Correlation between genome size and total number of predicted tRNA genes in 23 monocot genomes. Summary of the predicted tRNA genes grouped by codons and amino acid specificity from the genomes of A. comosus, C. cristatella, C. scoparia, J. effusus, J. inflexus, M. balbisiana, O. sativa, and S. bicolor. There were 13 isoacceptors that were not represented among any of these 8 species (Fig. 5, Supplementary Table 5). Carex cristatella and C. scoparia had tRNAHis(ATG) and tRNAPro(GGG) genes that were not found in the other species. Juncus effusus and J. inflexus contained tRNAIle(GAT) and tRNAThr(GGT) genes that were missing from the other monocots analyzed here.
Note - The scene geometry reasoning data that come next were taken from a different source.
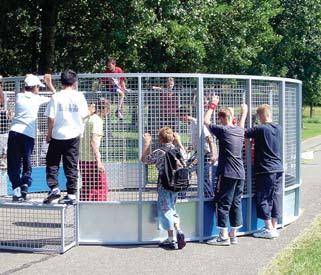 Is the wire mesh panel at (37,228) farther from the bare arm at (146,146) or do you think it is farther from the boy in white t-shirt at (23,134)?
the bare arm at (146,146)

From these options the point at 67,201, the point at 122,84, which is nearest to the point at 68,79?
the point at 122,84

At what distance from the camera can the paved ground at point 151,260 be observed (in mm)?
7926

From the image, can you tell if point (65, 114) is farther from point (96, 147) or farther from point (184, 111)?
point (184, 111)

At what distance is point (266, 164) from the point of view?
979 cm

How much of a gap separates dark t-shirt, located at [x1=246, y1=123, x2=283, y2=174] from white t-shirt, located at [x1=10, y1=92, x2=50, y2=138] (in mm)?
3119

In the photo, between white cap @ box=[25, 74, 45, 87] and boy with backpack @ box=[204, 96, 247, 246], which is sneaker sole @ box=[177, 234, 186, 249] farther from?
white cap @ box=[25, 74, 45, 87]

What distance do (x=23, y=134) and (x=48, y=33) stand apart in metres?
14.0

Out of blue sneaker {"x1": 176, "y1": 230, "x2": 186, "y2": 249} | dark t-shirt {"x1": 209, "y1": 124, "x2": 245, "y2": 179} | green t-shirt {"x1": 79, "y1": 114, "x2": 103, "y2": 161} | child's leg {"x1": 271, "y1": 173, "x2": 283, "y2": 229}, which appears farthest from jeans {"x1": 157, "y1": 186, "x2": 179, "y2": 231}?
child's leg {"x1": 271, "y1": 173, "x2": 283, "y2": 229}

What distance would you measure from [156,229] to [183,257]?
91 centimetres

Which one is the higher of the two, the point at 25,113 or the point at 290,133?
the point at 25,113

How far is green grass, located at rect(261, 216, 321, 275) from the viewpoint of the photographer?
25.6ft

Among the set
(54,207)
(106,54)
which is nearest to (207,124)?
(54,207)

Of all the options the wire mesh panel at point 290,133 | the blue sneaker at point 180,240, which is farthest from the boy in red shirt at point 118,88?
the wire mesh panel at point 290,133

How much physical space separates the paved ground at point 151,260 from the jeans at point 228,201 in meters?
0.37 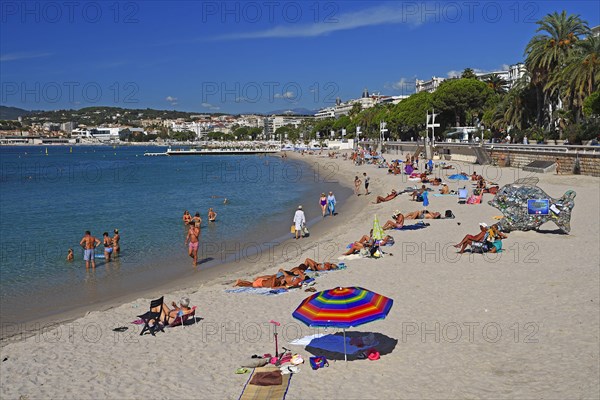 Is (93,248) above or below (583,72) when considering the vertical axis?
below

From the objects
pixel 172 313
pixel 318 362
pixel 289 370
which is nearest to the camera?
pixel 289 370

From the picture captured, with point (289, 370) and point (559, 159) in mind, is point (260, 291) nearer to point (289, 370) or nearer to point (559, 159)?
point (289, 370)

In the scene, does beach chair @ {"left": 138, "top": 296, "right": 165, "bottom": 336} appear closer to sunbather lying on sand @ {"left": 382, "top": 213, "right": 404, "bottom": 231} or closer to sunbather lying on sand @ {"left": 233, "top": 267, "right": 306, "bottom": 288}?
sunbather lying on sand @ {"left": 233, "top": 267, "right": 306, "bottom": 288}

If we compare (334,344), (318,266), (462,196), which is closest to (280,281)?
(318,266)

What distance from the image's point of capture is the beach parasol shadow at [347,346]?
8.26 meters

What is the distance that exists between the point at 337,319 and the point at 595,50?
37.2 metres

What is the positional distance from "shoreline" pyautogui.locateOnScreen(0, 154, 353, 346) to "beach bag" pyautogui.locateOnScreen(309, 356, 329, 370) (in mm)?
5728

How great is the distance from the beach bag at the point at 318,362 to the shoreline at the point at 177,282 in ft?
18.8

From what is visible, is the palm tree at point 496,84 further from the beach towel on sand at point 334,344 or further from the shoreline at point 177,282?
the beach towel on sand at point 334,344

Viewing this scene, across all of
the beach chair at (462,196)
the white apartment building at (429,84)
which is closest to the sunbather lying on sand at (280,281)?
the beach chair at (462,196)

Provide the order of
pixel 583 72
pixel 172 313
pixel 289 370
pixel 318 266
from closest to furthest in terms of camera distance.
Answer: pixel 289 370
pixel 172 313
pixel 318 266
pixel 583 72

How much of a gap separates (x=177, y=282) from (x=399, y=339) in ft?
25.2

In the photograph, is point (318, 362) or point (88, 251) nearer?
point (318, 362)

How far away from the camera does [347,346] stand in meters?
8.47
The Carex and Juncus species all contained a single tRNAVal(GAC) gene that was absent from the A. comosus, M. balbisiana, O. sativa, and S. bicolor genomes. This indicates despite the conservation of the majority of tRNA genes in monocots, there is a certain degree of presence/absence variation of individual tRNA genes across species.

Satellite repeat analysis

Within each species, the 3 largest satellite repeat families, as measured by total length, were identified by clustering similar repeat sequences recognized by TRF (Supplementary Table 7). These large satellite repeat families composed 3.2–9.5% of the genomes from these 4 species (Table 4). In C. cristatella and C. scoparia, the 3 largest satellite repeat families had nearly identical consensus sequences (Supplementary Table 7). The Carex satellite repeat families (CR1, CR2, and CR3) have remarkably similar numbers of repeat instances, average size, and total length within C. cristatella and C. scoparia. These Carex repeat families have period lengths of 31, 29, and 30 bases, respectively, although higher-order period lengths were recognized by TRF for each of these Carex repeats (Supplementary Files 1–6). The repeat CR1 in particular had higher-order repeats of 61, 93, 124, and 248 bases. Mapping of the CR1, CR2, and CR3 repeats shows that instances of all of these repeats are generally spread randomly across all chromosomes. There are few instances of these repeats clustering in the same chromosomal regions (Fig. 6). Similarly, the 3 largest satellite repeat families in J. effusus and J. inflexus were also nearly identical between the 2 species (Supplementary Table 7). The Juncus satellite repeat families (JR1, JR2, and JR3) had predominant periods of 155, 181, and 364 bases, respectively, but higher- and lower-order repeats were also found within these families (Supplementary Files 7–12). The Juncus repeats were largely clustered in a single location on each chromosome, but there were also sporadic instances of repeats from each family throughout the Juncus genomes (Fig. 6). Clusters of instances of the JR1 and JR2 repeats are similarly frequent across the J. inflexus genome, but the JR3 repeats are infrequently found near JR1 and JR2 repeats in J. inflexus. This is in stark contrast with the distribution of these repeats in J. effusus where clusters containing 2 or 3 of these repeat families are very common.

Fig. 6.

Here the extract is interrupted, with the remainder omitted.